Guide
LLM embeddings explained: vectors, similarity search and model choice
A chat LLM predicts the next token. An embedding model maps whole passages into a single dense vector — a point in high-dimensional space where semantic similarity becomes geometric closeness. "Refund policy for damaged goods" and "how to return a broken item" may share no keywords, yet their embeddings sit near each other. That property powers retrieval-augmented generation (RAG), deduplication, clustering, recommendation, and multimodal search when image and text share a joint embedding space. This guide explains how embeddings are trained, which similarity metrics matter, how to chunk and index text for vector search, and how to evaluate models before you commit to one in production.
What an embedding actually is
Given input text (or an image, audio clip, or code snippet), an embedding model outputs a fixed-length array of floats — commonly 384, 768, 1,024, or 1,536 dimensions. Each dimension is not human-interpretable; meaning lives in the relationship between vectors. Two passages about the same topic should have a small angle between their vectors; unrelated passages should be far apart.

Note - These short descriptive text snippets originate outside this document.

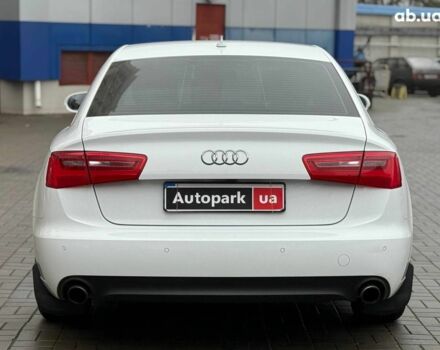 Белый Ауди А6, объемом двигателя 2 л и пробегом 158 тыс. км за 15440 $, фото 6 на Automoto.ua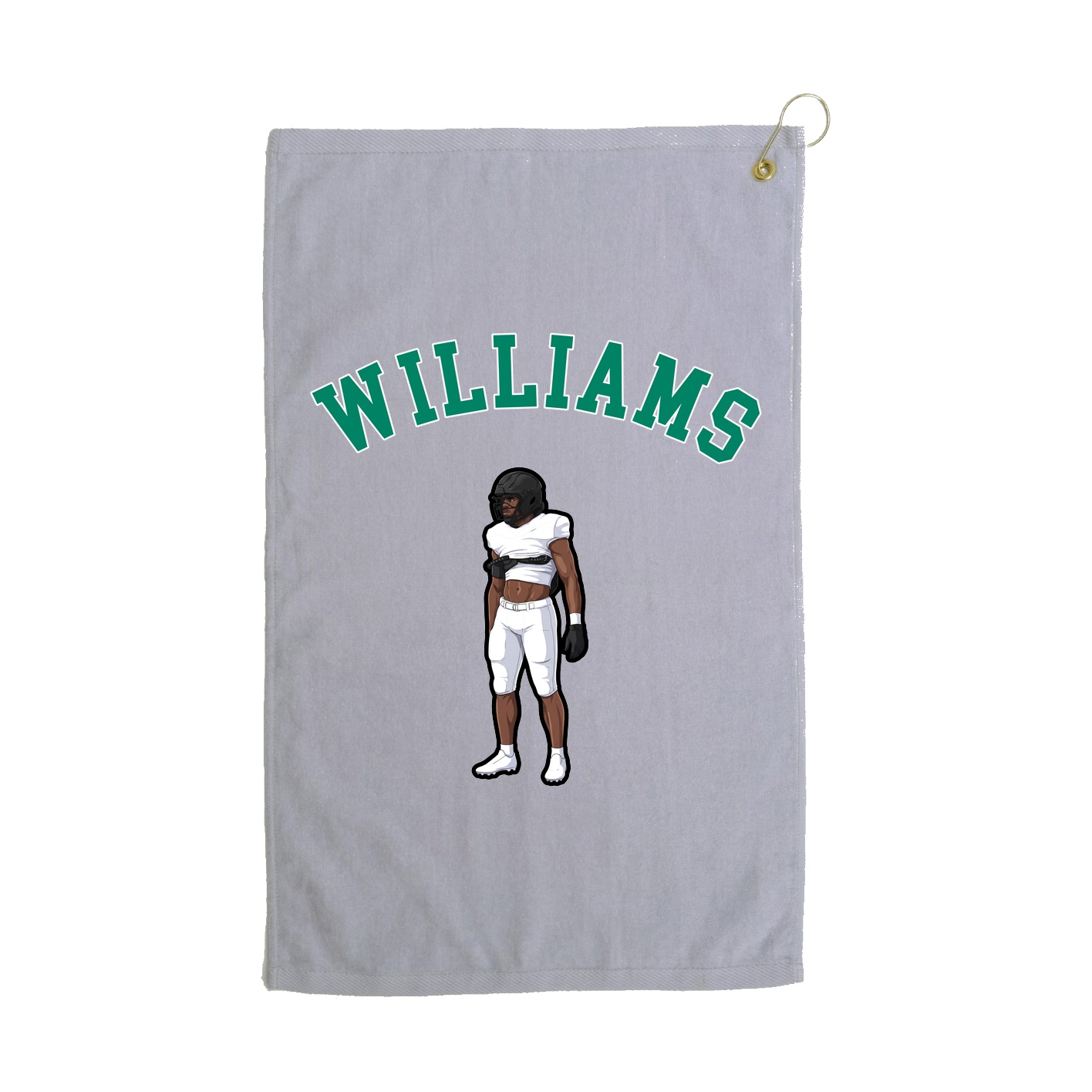 Golf Towel — Shirsey Arch in Grey
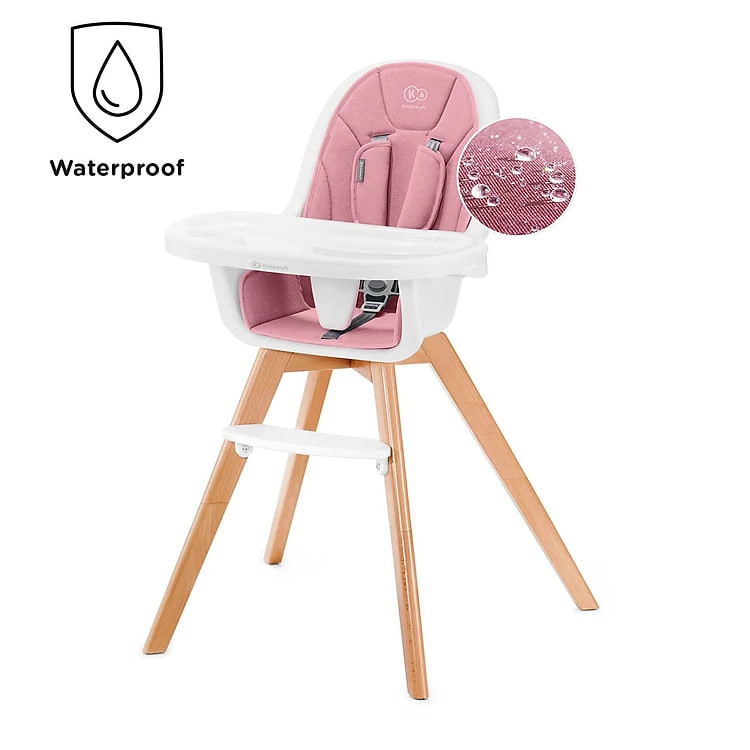 GHẾ ĂN CHO BÉ TIXI KINDERKRAFT DÀNH TỪ 6 THÁNG ĐẾN 5 TUỔI - HÀNG CHÍNH HÃNG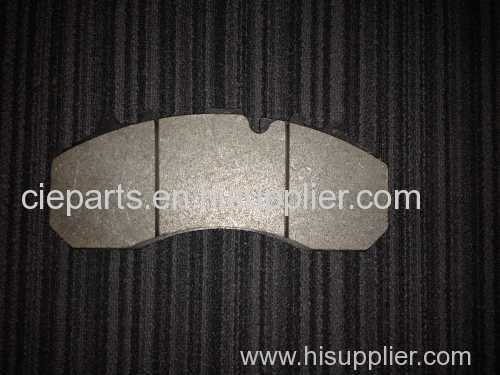 semi-metal brake pad WVA29059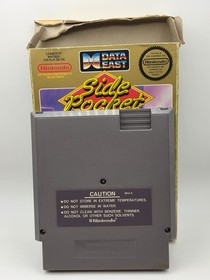 Side Pocket (NES, 1992) Box, Game, Foam, Sleeve - Tested Works Read Des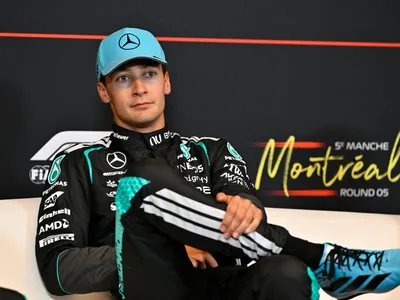 Mercedes detalha pane elétrica que tirou George Russell do GP do Canadá
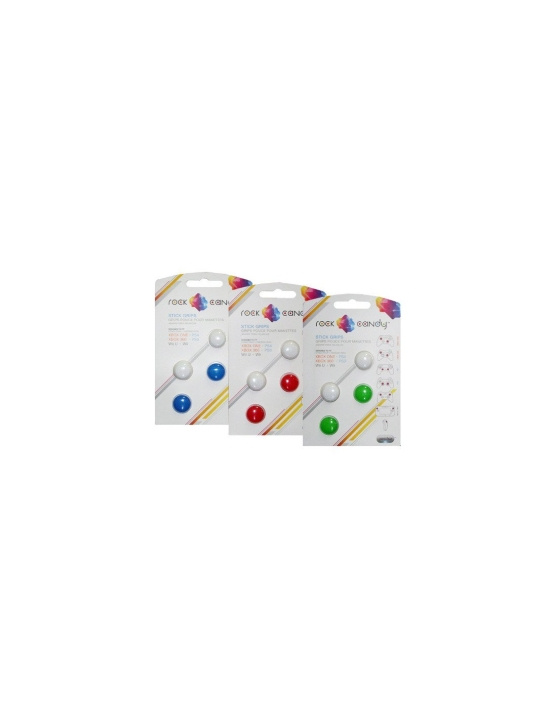 PDP Gaming Rock Candy Stick Grips voor Controllers (Assorti Kleuren) in de groep COMPUTERS & RANDAPPARATUUR / GAMING / Gaming accessoires bij TP E-commerce Nordic AB (D15614)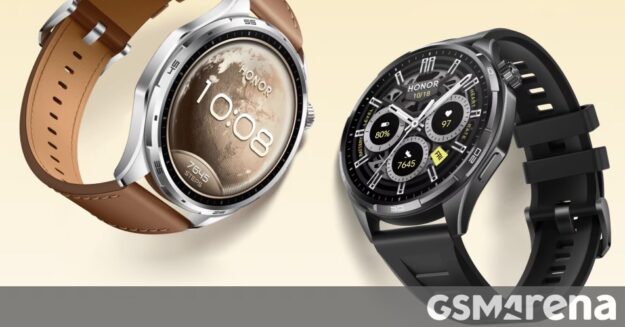 Honor Watch 6 : une autonomie record dans un design ultra-fin de 10,8 mm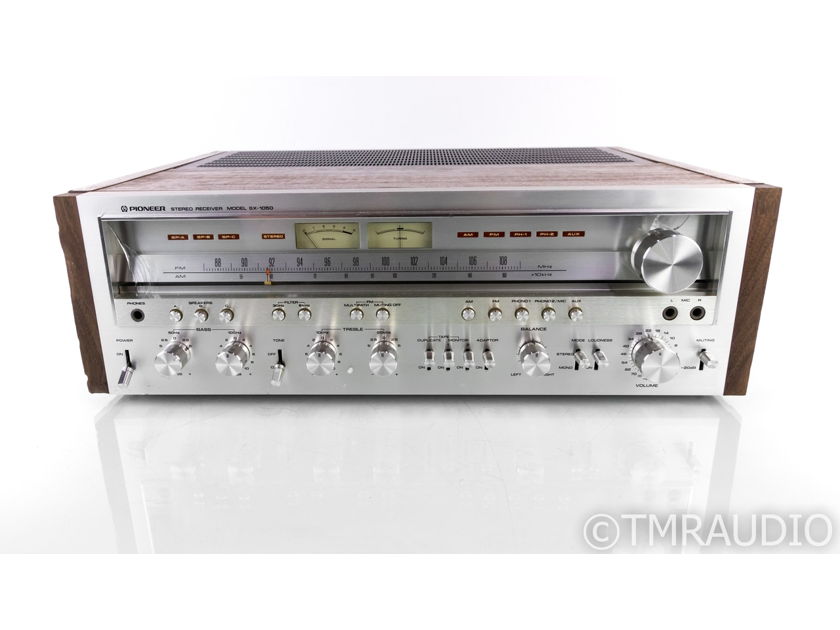 Pioneer SX-1050 Vintage Stereo AM / FM Receiver; MM Phono (Broken Glass) (19871)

Embeddings are not the same as the hidden states inside a generative LLM during chat. Chat models optimize for fluent continuation; embedding models optimize for retrieval — pulling similar items together and pushing dissimilar items apart. You typically call a dedicated embedding endpoint (or run a small encoder locally), store the vectors in a database, and query by nearest neighbor — not by feeding embeddings back into a chat prompt as raw numbers.
Tokenization still matters: the same tokenizer boundaries that affect LLM context windows also cap how much text a single embedding can represent. Most models truncate or pool over the first N tokens (often 512–8,192). Long documents must be split into chunks, each embedded separately.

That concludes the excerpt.